I live in an apartment with 2 other room mates, but the living room is big enough for 15 guests. Not sure what the theme for the big room would be.

The kitchen is going to be a butcher shop. I'd like to make the counters look bloody, what can I use that wouldn't stain the counters? 
Any other tips for this would be great, I've never had time to decorate the kitchen before but I'm starting a week early so I can just cook food all day for the party. I'm a vegetarian so I don't actually want..real meat in the kitchen...and I don't think that's sanitary either, hah.
I'm going to block the kitchen off with something hanging so it's creepier to walk into, maybe bloody bandages I can make with loose cloth?

The bathroom I'd like to look grungy and nasty, like the bathroom from SAW I. Is there anything I can make that wouldn't stain the floors, but still look green and brown and nasty?
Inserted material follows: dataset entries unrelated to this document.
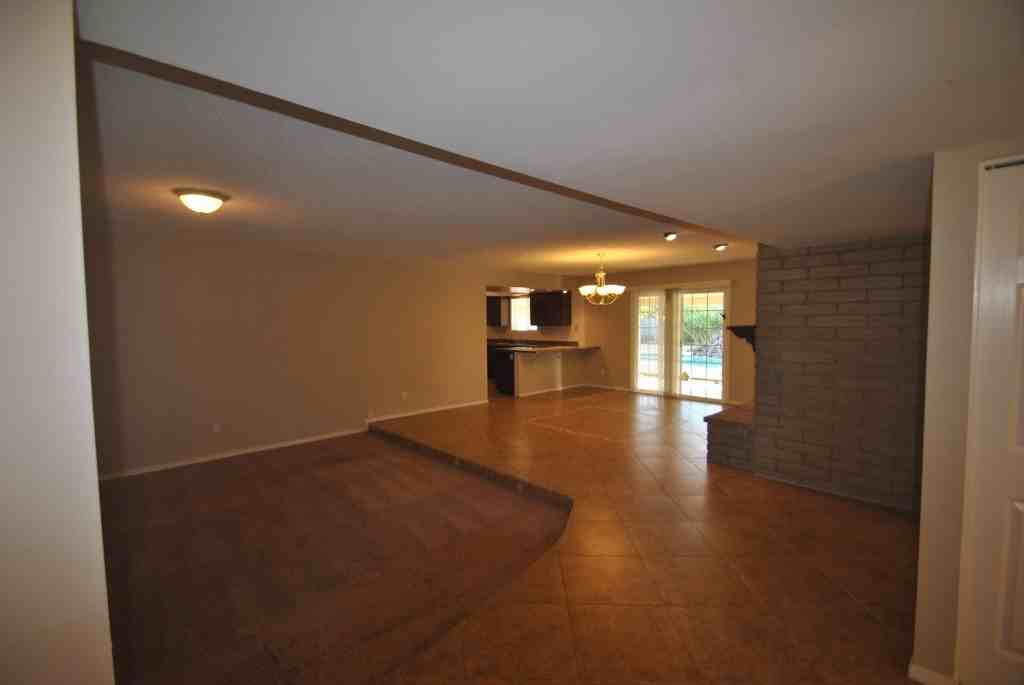 4124 W Ironwood Dr - Photo 3 of 11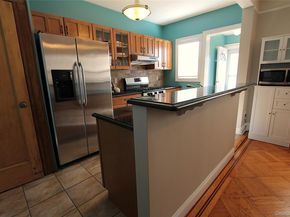 65-10 78th Street, Middle Village NY 11379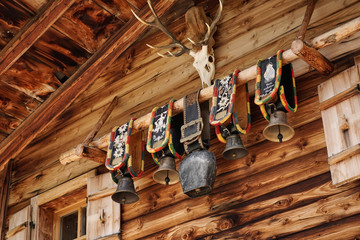 Berghütte mit Geweih und Glocken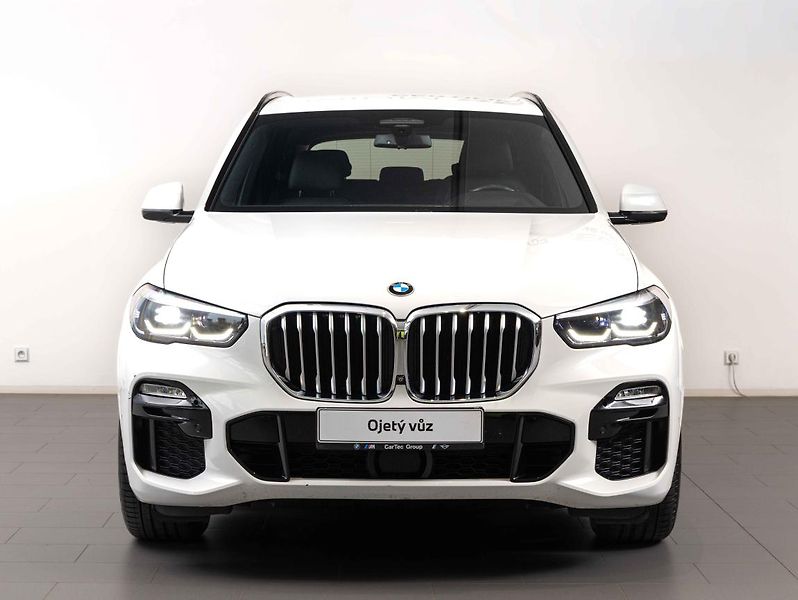 BMW X5 xDrive30d - fotka 2 z 22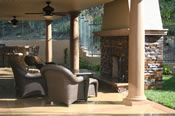 Backyards: Grills, barbecues, kitchens, fireplaces & pits: Image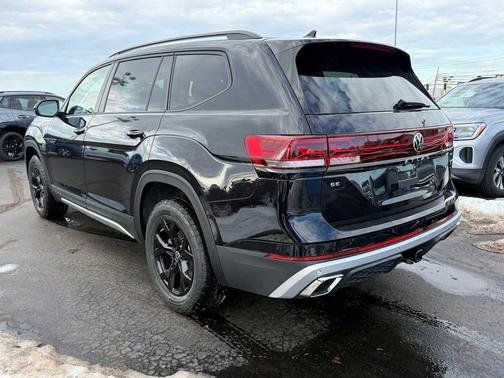 2026 Volkswagen Atlas Peak Edition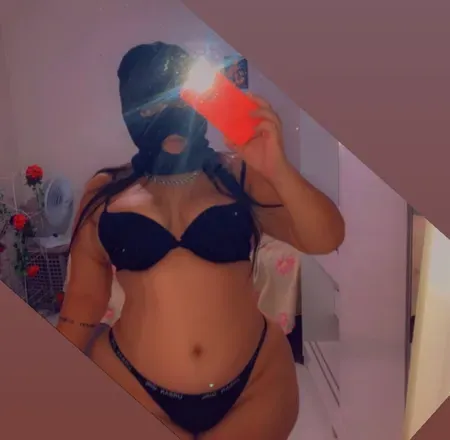 OnlyFans cuenta melynaworren avatar 1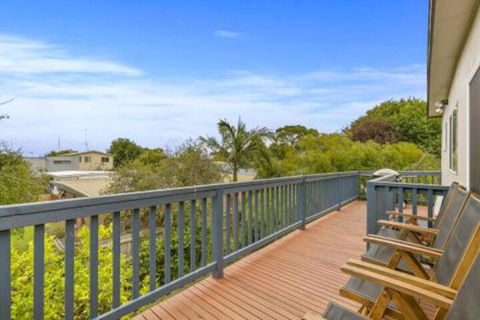 THE BEACH HIVE PET FRIENDLY (OUTSIDE ONLY) INLET SIDE - Whitsundays Accommodation 0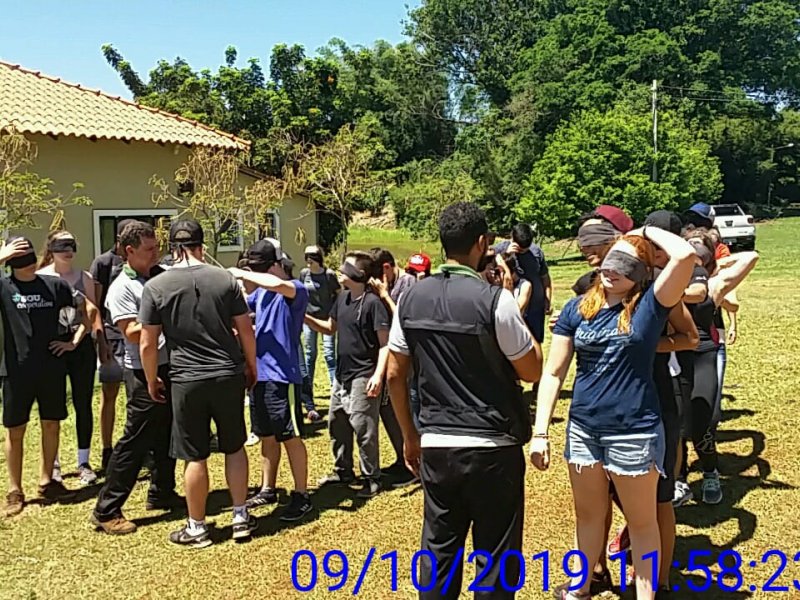 Jovens participam de treinamento vivencial em Campo Mourão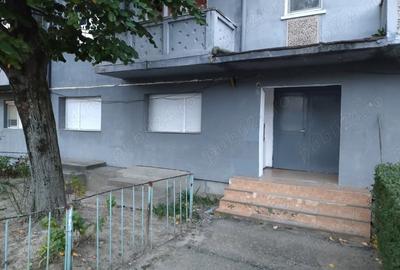 Apartament cu 3 camere semidecomandat în Central - 2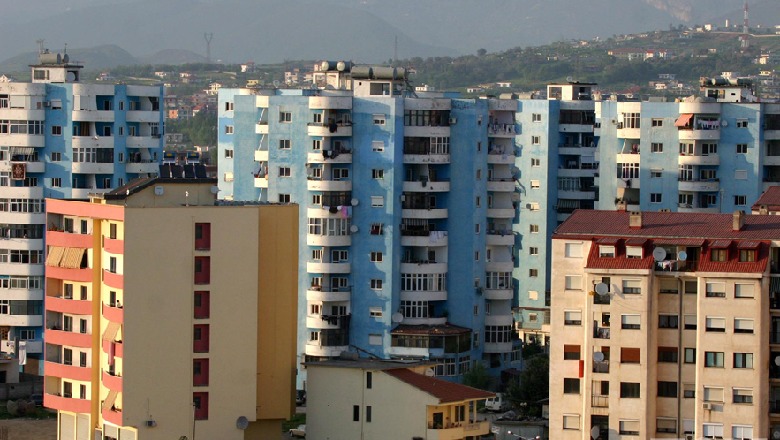 Qeveria nxjerr vendimin: Shteti do konfiskojë ndërtimet  pa leje! Ja tre opsionet që do u jepen ndërtuesve!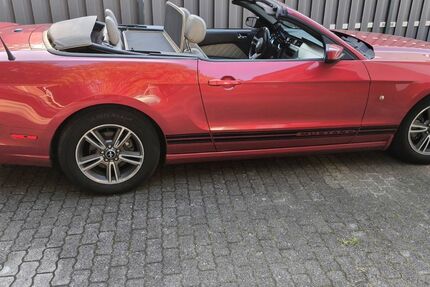 Ford Mustang 189.000 km 12.100 € Ahrensburg 22926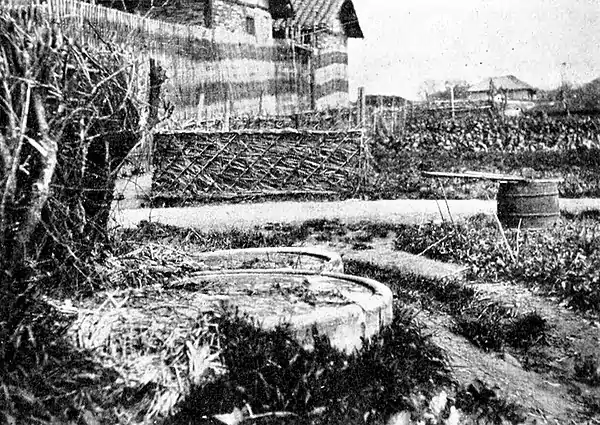 Farmers of forty centuries - Receptacles for human waste (China).jpg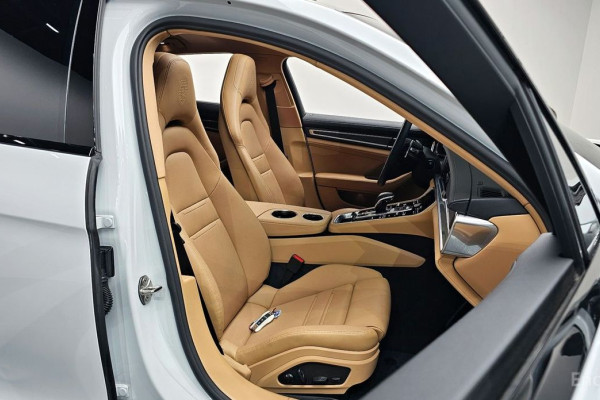 2023 Porsche Panamera с пробегом 9 214 км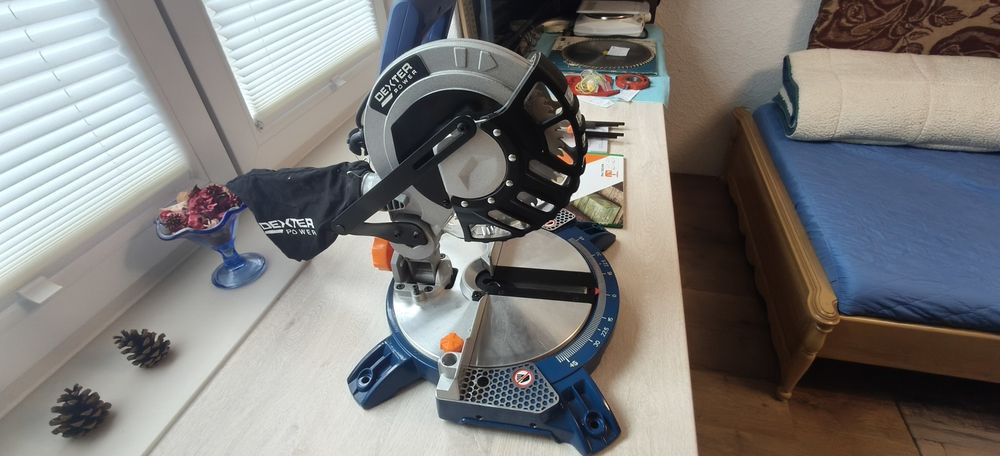 Circular staționar unghiular dexter Nou Nouț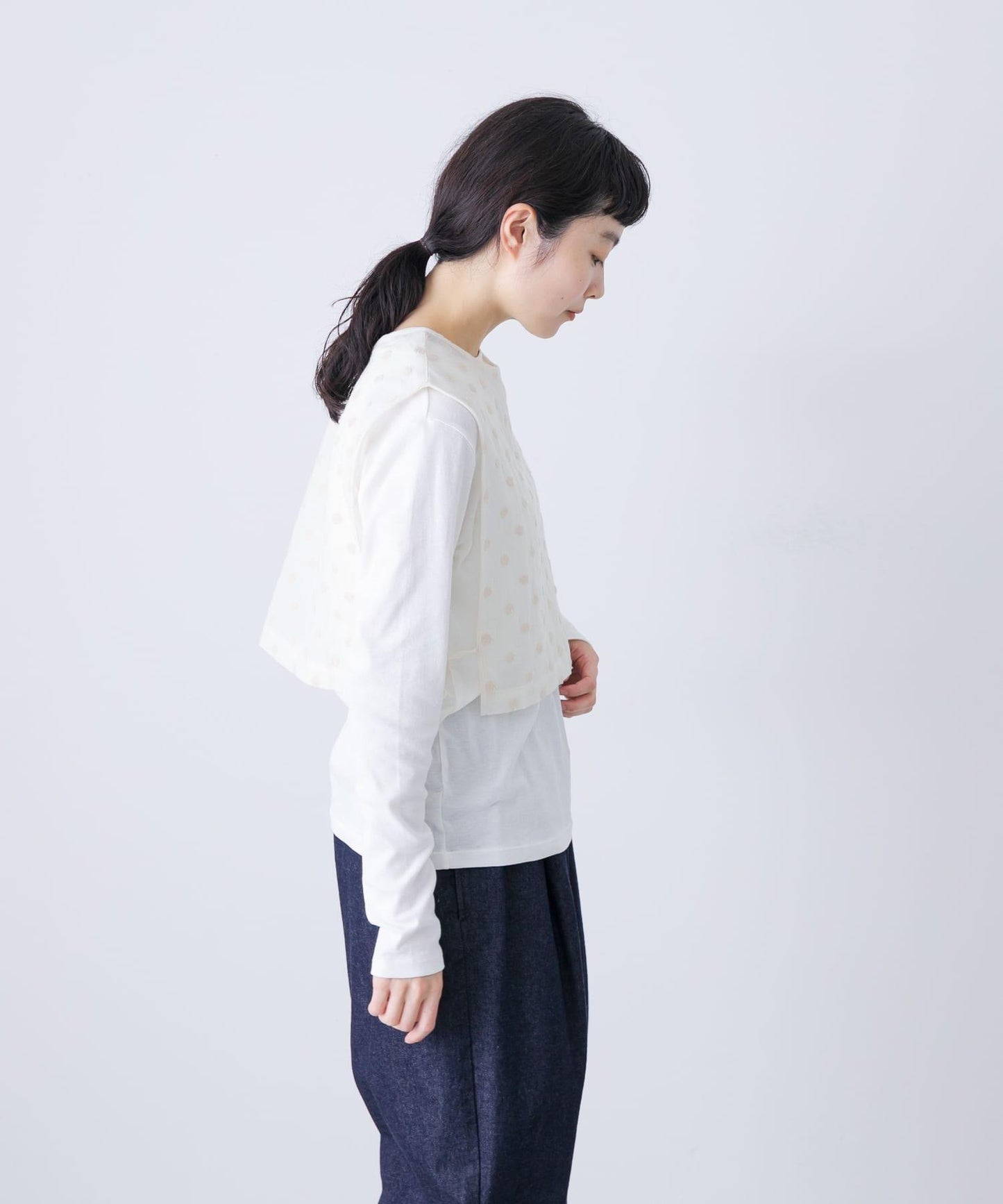 波點刺繡羊毛紗布圍兜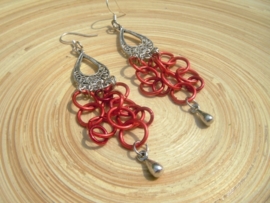 Oorbellen van rood chainmail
I'm thinking about collecting some materials to make my own moss and fabric-type mold.

Every year my guests don't feel comfortable walking into my room so I don't decorate it much, but I'd like to make it another themed room. Not sure what would it would be, but are there any ideas to get guests to explore more? I'm considering a scavenger hunt but that feels overly cheesy.

I've never done themed rooms so this will be interesting.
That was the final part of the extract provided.